▶ Task details: Would you repeat each line below exactly, without the pictures?

▶ Stored data:
• • •

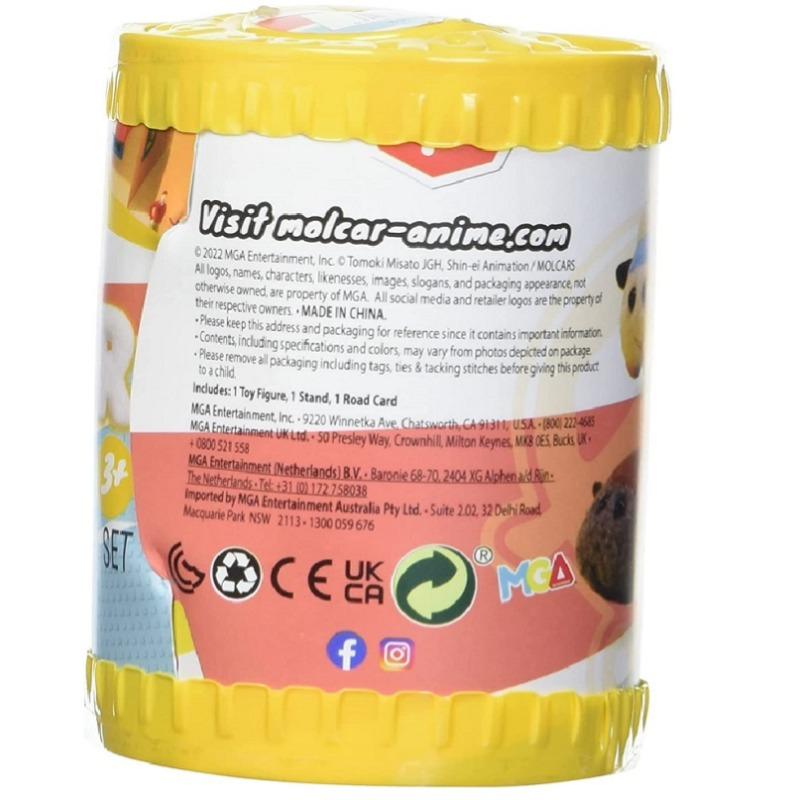 Pui Pui Molcar Assorted Figures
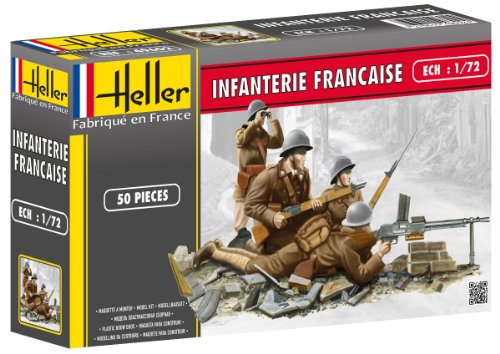 HELLER - 49602 - Figurine - Infanterie Française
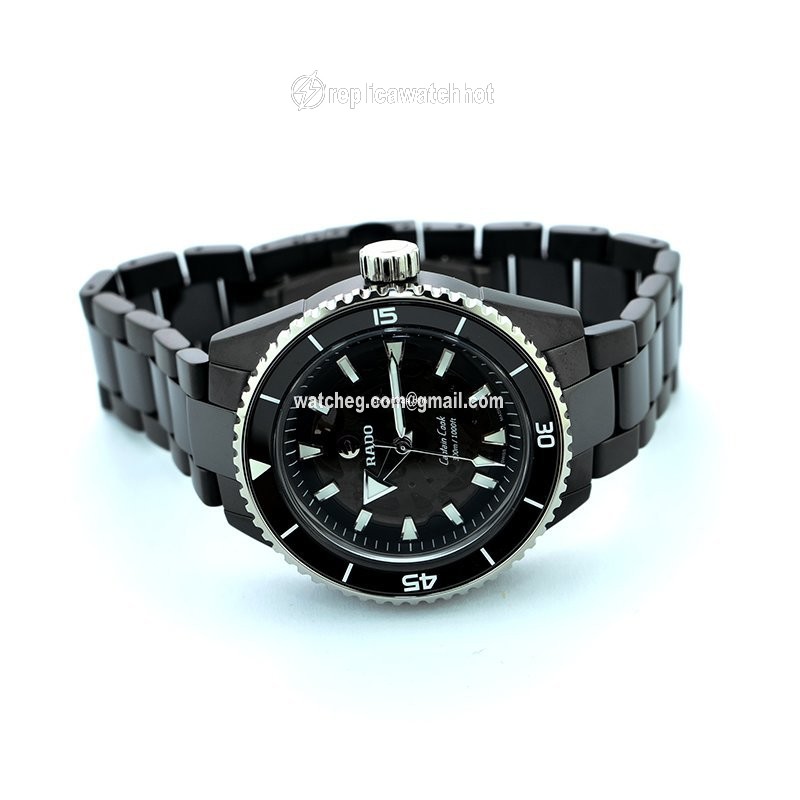 Rado HyperChrome Captain Cook Mens watch Unisex Automatic Ceramic R32127152 2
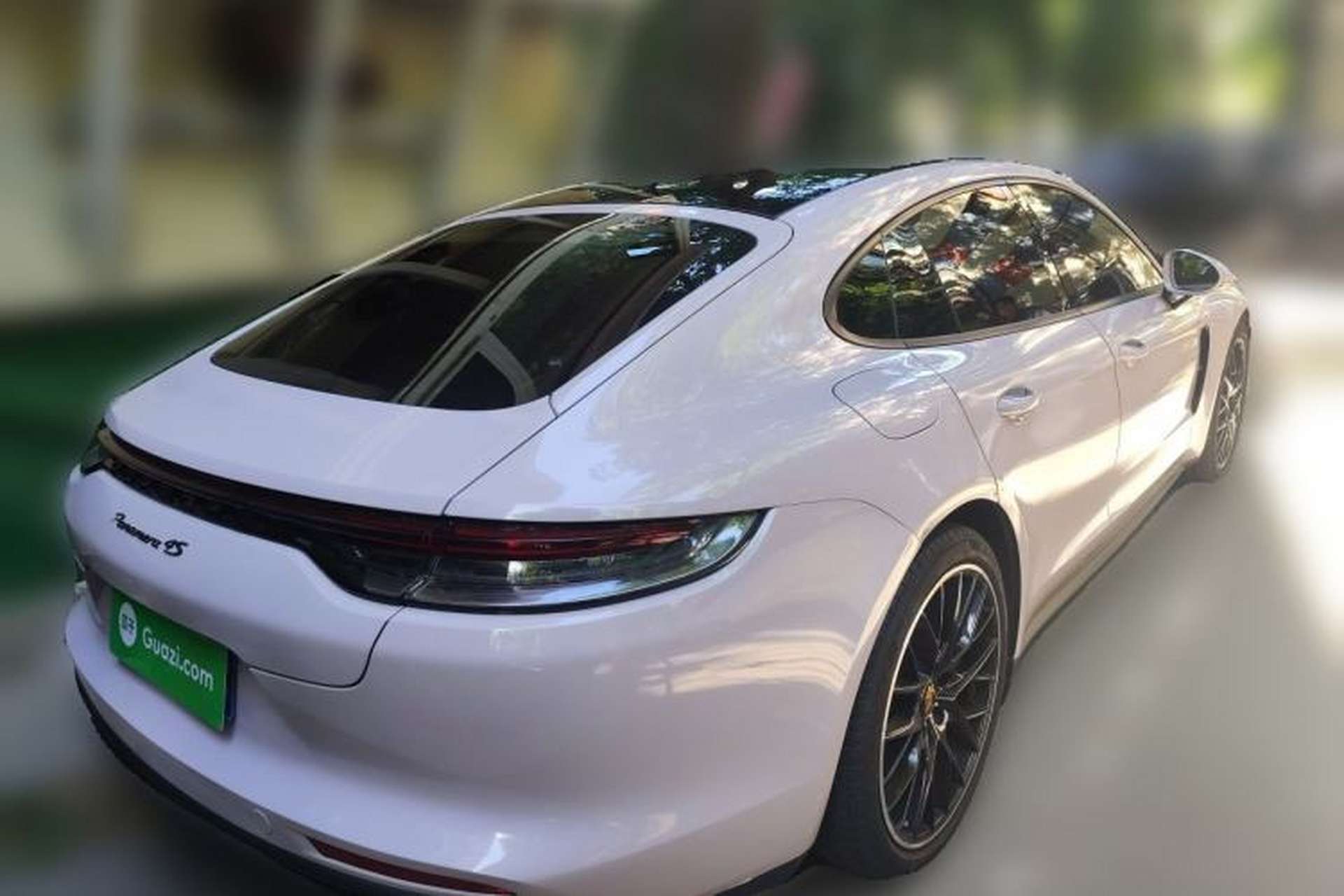 Used Porsche Panamera 2022 Panamera 2.9T Rear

• • •

▶ Exercise answer:
 Pui Pui Molcar Assorted Figures
 HELLER - 49602 - Figurine - Infanterie Française
 Rado HyperChrome Captain Cook Mens watch Unisex Automatic Ceramic R32127152 2
 Used Porsche Panamera 2022 Panamera 2.9T Rear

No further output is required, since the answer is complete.